What it's more strange is we have a parallel similar cluster with exact same machine and servers version, a bit lower load processing similar logs, but that one has remain stable.

The cluster hasn't had any major change in load neither. This has happened every 24-28 hours were we have to restart the logstash containers.

We have a beats pipeline.

Versions:
Running: logstash:7.17.23

~$ /usr/share/logstash/jdk/bin/java --version
openjdk 11.0.22 2024-01-16
OpenJDK Runtime Environment Temurin-11.0.22+7 (build 11.0.22+7)
OpenJDK 64-Bit Server VM Temurin-11.0.22+7 (build 11.0.22+7, mixed mode)

Container is running in ubuntu focal with docker version: 5:26.1.3-1~ubuntu.20.04~focal

the logstash config:

pipeline.batch.size: 125
pipeline.batch.delay: 50
queue.type: persisted
queue.max_bytes: 450gb

java config:

-Xms16g
-Xmx16g
8-13:-XX:+UseConcMarkSweepGC
8-13:-XX:CMSInitiatingOccupancyFraction=75
8-13:-XX:+UseCMSInitiatingOccupancyOnly
-XX:+HeapDumpOnOutOfMemoryError
-Djava.security.egd=file:/dev/urandom
-Dlog4j2.isThreadContextMapInheritable=true

We're wondering if you could help us debug this behavior.

Could somebody point me in the direction of how to test this issue?

Can you share your pipelines?

It is basically impossible to know what Logstash may be doing without the pipeline configurations.

Did something change in the imputs?

we're quite a big team, and there's quite a few changes, I cannot share the pipelines with you. I was wondering if it's a manual or any guide on how to debug the use of memory by logstash, maybe using some profiling could be good?

Not that I know, but Logstash is a java application, you could get a dump of the heap and try to analyze it, but I do not have experience with this.

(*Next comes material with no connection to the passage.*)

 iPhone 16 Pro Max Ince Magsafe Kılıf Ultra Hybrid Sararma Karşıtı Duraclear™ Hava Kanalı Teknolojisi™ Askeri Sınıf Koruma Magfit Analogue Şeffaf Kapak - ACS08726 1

Did anything change in the pipelines? For the behaviour to change like that I would expect a change on the load, not exactly need to be an increase on the event rate, but some changes on the messages could lead to change in performance depending on the filters used.

But without the pipelines it is not possible to have a hint of what could lead to this increase in memory usage.